Il n’était pas question d’écarter le roi et encore moins de le guillotiner, ce qui sera le cas plus tard, par son entêtement puis, surtout, par sa fuite pour rejoindre les coalisés à l’étranger, ce qui fut considéré comme une trahison à la nation.

Les députés placés à la gauche refusaient donc que le roi ait le pouvoir d’écarter les résolutions du parlement révolutionnaire. Mais la terminologie de gauche va perdurer car au fil du temps cette racine va faire germer d’autres branches qui lui seront rattachée comme la justice sociale, les libertés, la position par rapport au système monarchique, par rapport à la religion, à la lutte des classes, à l’éducation scolaire, et ainsi de suite.

D’ailleurs, au XIXème siècle, on ne parle pas tellement, ou même plus du tout, d’hommes politiques de gauche mais de « républicains ». Et toutes les racines du tronc commun des révolutionnaires placés à gauche du bureau de l’Assemblée vont faire grandir les mêmes revendications de départ. La république, la laïcité, le socialisme, la liberté syndicale, l’anti-militarisme et bien d’autres déterminants que nous connaissons à la gauche actuelle.

Il fallait un événement fondateur, ou plutôt régénérateur après l’épisode de 1789, ce fut la révolte de la Commune de Paris et les massacres qui s’en suivirent. Il fallait un drapeau, ce fut définitivement le drapeau tricolore alors qu’il s’opposait au drapeau blanc, celui des partisans de l’institution monarchique et ecclesiastique.

Mais la racine commune s’est divisée en branches

Et c’est dès la fin du XIXème siècle que les premières fractures sont apparues, c’est la raison pour laquelle on dit, lorsqu’on évoque l’histoire, « les gauches », au pluriel.
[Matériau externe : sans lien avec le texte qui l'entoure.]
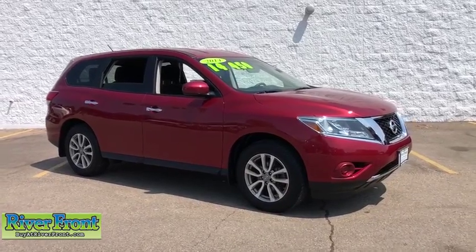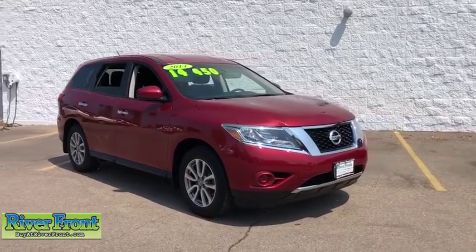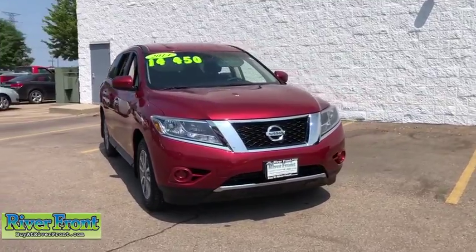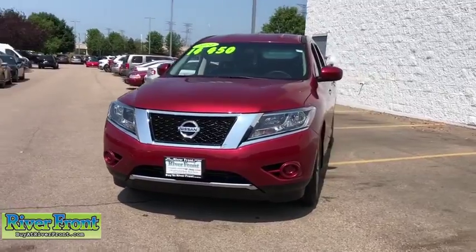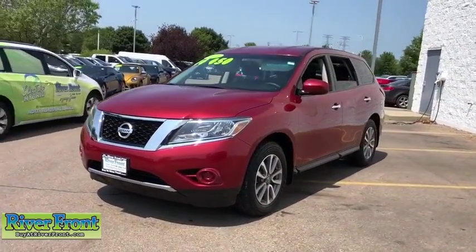Looking for the right vehicle? Check out the 2014 Nissan Pathfinder. The Pathfinder has a premium interior with three rows of seating for up to seven passengers, as well as versatile seating and cargo configurations.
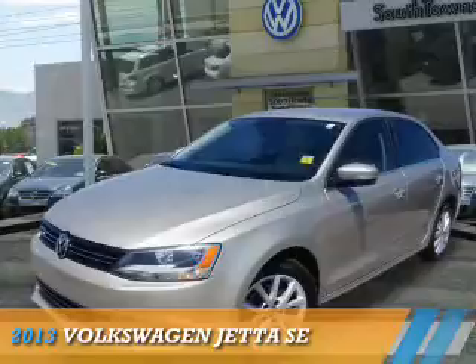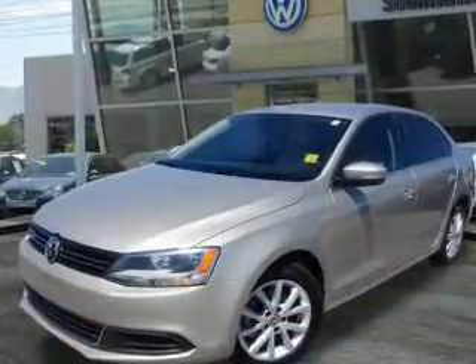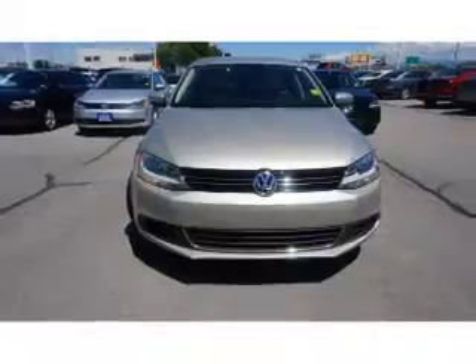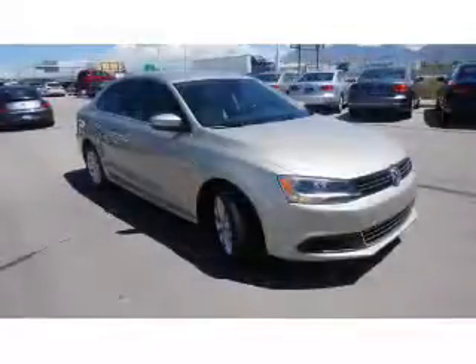Presenting the 2013 Volkswagen Jetta. It's powered by front-wheel drive, a 2.5-liter 5-cylinder engine, and a 5-speed manual transmission.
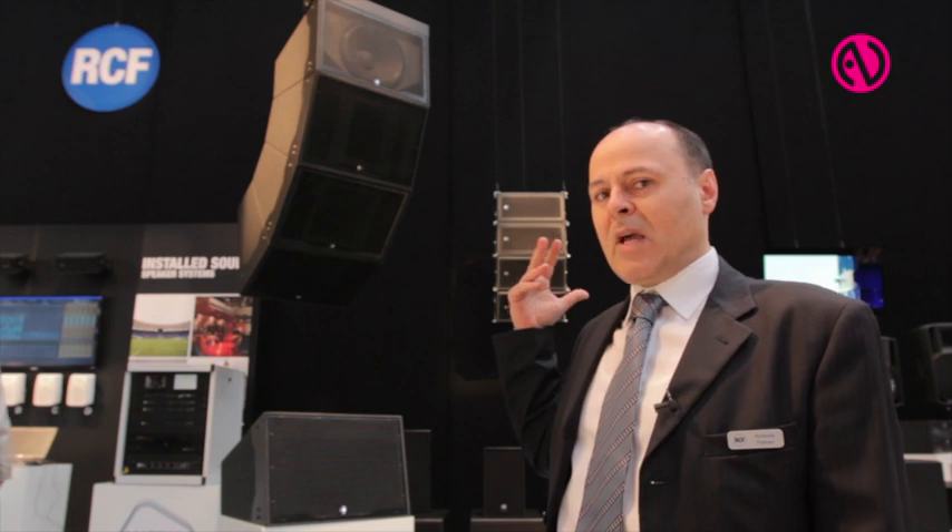The speaker is for mid-throw applications such as stadiums, theme parks, or sport arenas, where very high intelligibility and high coherence of sound are required. The maximum SPL of the system is 143 dB, making it suitable to deliver very high pressure with very high intelligibility and coherency at very far field distances.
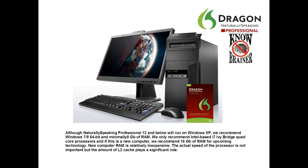Although Naturally Speaking Professional 12 and below will run on Windows XP, we recommend Windows 7 or 8 64-bit with at least 8GB of RAM. We only recommend Intel-based i7 Ivy Bridge quad-core processors, and if this is a new computer, we recommend 16GB of RAM for upcoming technology. New computer RAM is relatively inexpensive. The actual speed of the processor is not important, but the amount of L2 cache plays a significant role.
Mais deux grands courants seront les principaux, ceux qui, d’une manière très simplifiée, seront dans la mouvance appelée socialiste et ceux qui prendront plus tard la qualification de communiste, après la victoire des Bolchéviques, la création de la nouvelle Russie et la victoire des thèses marxistes dans beaucoup de sociétés et groupements.

Une figure s’élève parmi les autres, pour les partisans de la gauche au début du XXème siècle, celle de Jaurès puis, plus tard , celle de Léon Blum, leader du gouvernement du Front populaire en 1934.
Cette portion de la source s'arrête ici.